## Action item:
Write every line below out again exactly, images omitted.
================
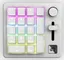 Numpad - Wireless - White Slate - Numpad - Universal - Vit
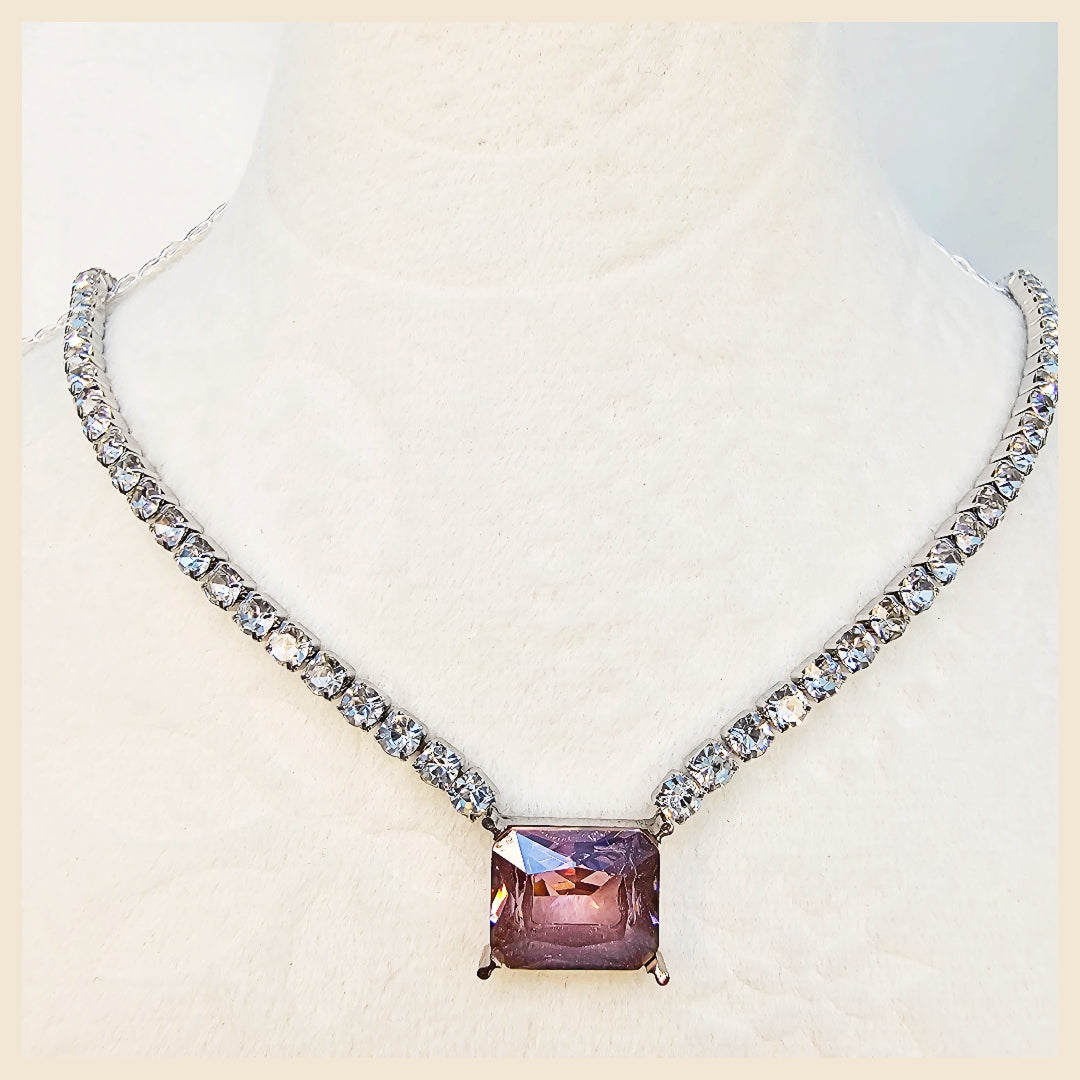 Lola Silver Necklace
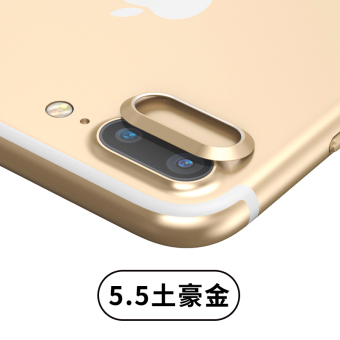 Gambar Kali berpikir iphone7plus i7 logam apel setelah lensa kamera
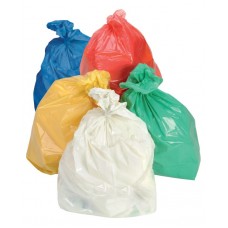 Refuse Sacks  Blue,Green,Red,Yellow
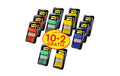 3M Post-it Index, mehrfarbig 10+2 Spender à 50 Streifen, 25.4 x 43.2 mm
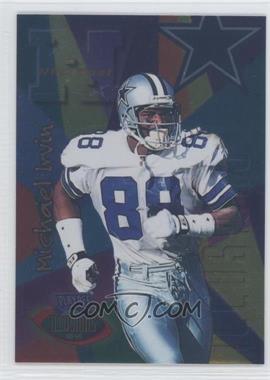 1996 Playoff Illusions - [Base] #4 - Michael Irvin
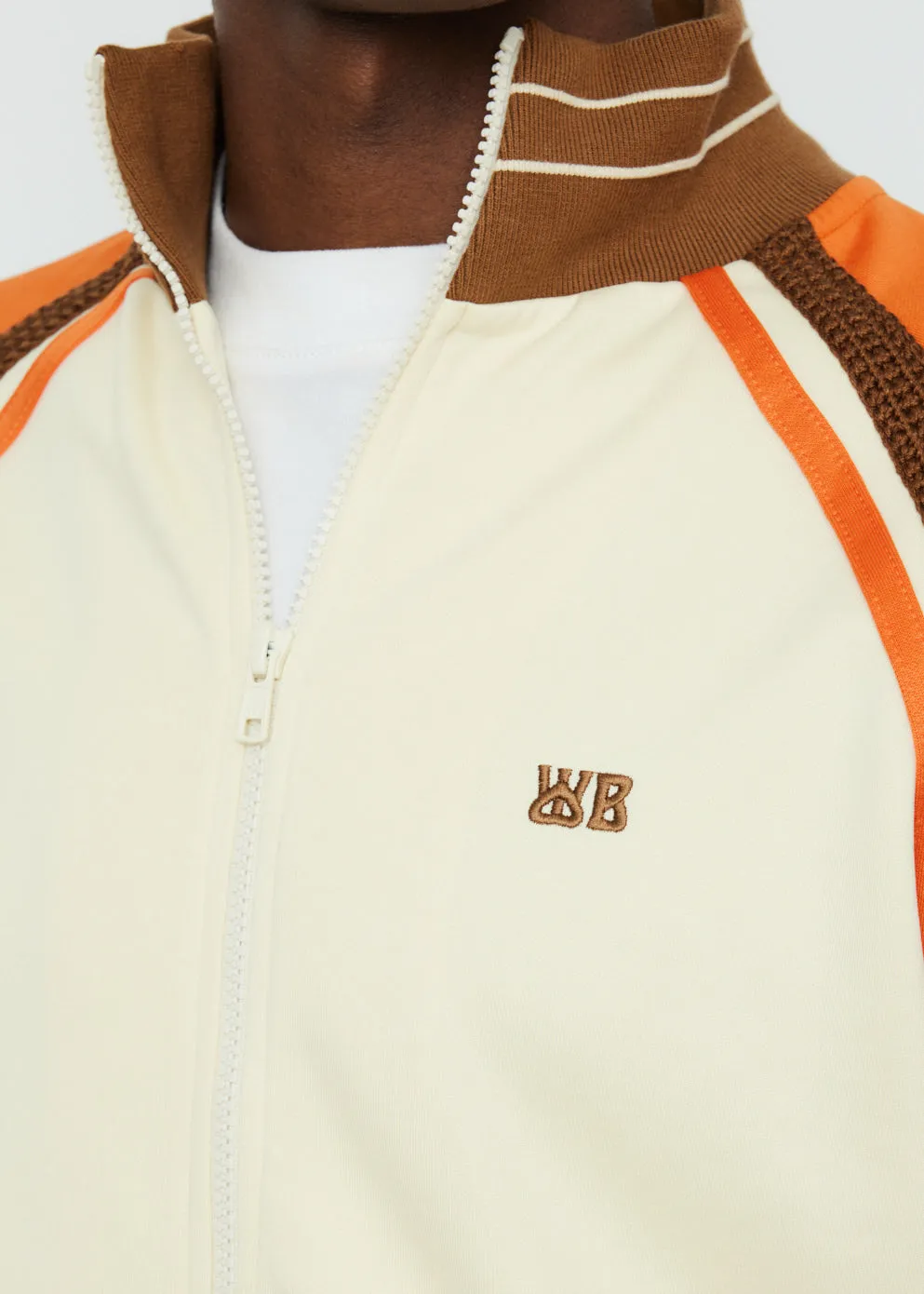 Percussion Track Top Jacket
================
## Exercise response:
 Numpad - Wireless - White Slate - Numpad - Universal - Vit
 Lola Silver Necklace
 Gambar Kali berpikir iphone7plus i7 logam apel setelah lensa kamera
 Refuse Sacks  Blue,Green,Red,Yellow
 3M Post-it Index, mehrfarbig 10+2 Spender à 50 Streifen, 25.4 x 43.2 mm
 1996 Playoff Illusions - [Base] #4 - Michael Irvin
 Percussion Track Top Jacket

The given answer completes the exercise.